King John was founded on the old play acted by the Queen's men, called The Troublesome Reign of King John. The lines ii. 1. 455-460 are imitated in Captain Stukeley by Dekker and others, acted at the Rose, 11th December 1596; iii. 1. 176-179 refer manifestly to the Pope's bull in 1596, inciting the English to depose Elizabeth; Chatillon's speech ii. 1. 71-75 is most applicable to the great fleet sent against Spain in the same year; Constance's lamentations have been reasonably referred to the death of Hamnet Shakespeare (buried 11th August); the Iron Age is alluded to in iv. 1. 60, and never elsewhere in Shakespeare. Now, Heywood's play of that name was on the stage from June 23 to July 16 under the title of Troy. The summer of 1596 is thus undoubtedly the date of Shakespeare's play. There are some indications of the play having been shortened; Act ii. in the Folio has only seventy-four lines, and Essex has a part of only three lines, although in the older John he appears in five scenes. I think he was meant to be entirely cut out c. 1601 after Essex' execution, and these three lines should be given to Salisbury. The rival play of Stukeley was shortened in the same way; a whole act was expunged before its publication in 1605. In i. 2 (Folio) the Citizen on the walls is called Hubert; this indicates that the same actor represented both characters.

1596-7

The Merchant of Venice, or Jew of Venice, was no doubt founded on an old play called The Jew of Venice, by Dekker. It seems, from the title of the German version of this play, that the Jew's name was Joseph. The name Fauconbridge in i. 2 (where Portia's suitors are enumerated, compare Two Gentlemen, i. 2) points to a date soon after John; and the "merry devil" of ii. 3. 2, a phrase never elsewhere used in Shakespeare, indicates contemporaneity with The Merry Devil of Edmonton produced in the winter of 1596. Again, the manifest imitations of this play in Wily Beguiled, which I show elsewhere to date in the summer of 1597, give a posterior limit, which must be decisive. This play has no sign whatever of having been altered; the Clarendon Press guesses, founded on the discrepancy of the number of suitors (iv. for vi.) are as worthless as Mr. Hales' proof, referred to by Mr. Halliwell (Outlines, p. 251), of the date of Wily Beguiled. The conclusive evidence of imitation in this play is the conjunction of the "In such a night" lines in scene 16, with the "My money, my daughter" iterations of Gripe in scene 8 of the same play.
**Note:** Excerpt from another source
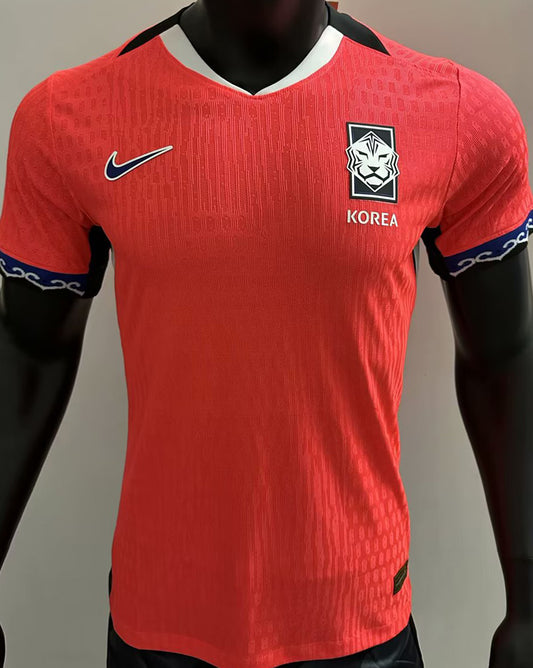 2025/26 Corea del Sur Local Versión Jugador Selecciones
On 22d July 1598, J. Roberts entered The Merchant or Jew of Venice on S. R., but had to get the Lord Chamberlain's license before printing. On 28th October 1600, he consented to the entry of the play for T. Hayes; nevertheless, he issued copies of his own imprint independently.

1597

The First Part of Henry IV. was entered on S. R. 25th February 1598; a genuine and authorised imprint. The publication of this play was hurried in order to refute the charge of attacking the Cobham family in the person of Sir John Oldcastle, the original name of the character afterwards called Falstaff (cf. "my old lad of the castle," i. 2. 48). Moreover, in i. 2. 182, we find in the text the names Harvey and Russel instead of Peto and Bardolph. The name Russel for Bardolph again occurs in a stage direction in 2 Henry IV. ii. 2. These were evidently originally the names of the characters, and were changed at the same time as that of Oldcastle: Russel was the family name of the Bedford Earls, and Harvey that of the third husband of Lord Southampton's mother. The new names were picked up from the second part; in which Lord Bardolph and Peto (a distinct personage from the "humourist" of Part I.) were serious characters. The play was produced in the spring; the only mentions of June in Shakespeare's plays are in ii. 4. 397 (sun F.); iii. 2. 75; and Anthony, iii. 10. 14. In ii. 4. 425, Preston's Cambyses is ridiculed (cf. Dream). There is an imitation of iii. 2. 52 in Lust's Dominion (the Spanish Moor's Tragedy, by Dekker, Haughton, and Day, February 1600, absurdly quoted by Stokes as Marlowe's). For the "abuses of the time" i. 2. 174; iv. 3. 81; see under Sir T. More, 1596. This play, as well as 2 Henry IV. and Henry V., is founded on The Famous Victories of Henry V., an old play produced by the Queen's company; from which the name Oldcastle was taken.

12.This name occurs in Apollonius and Sylla, of which more hereafter.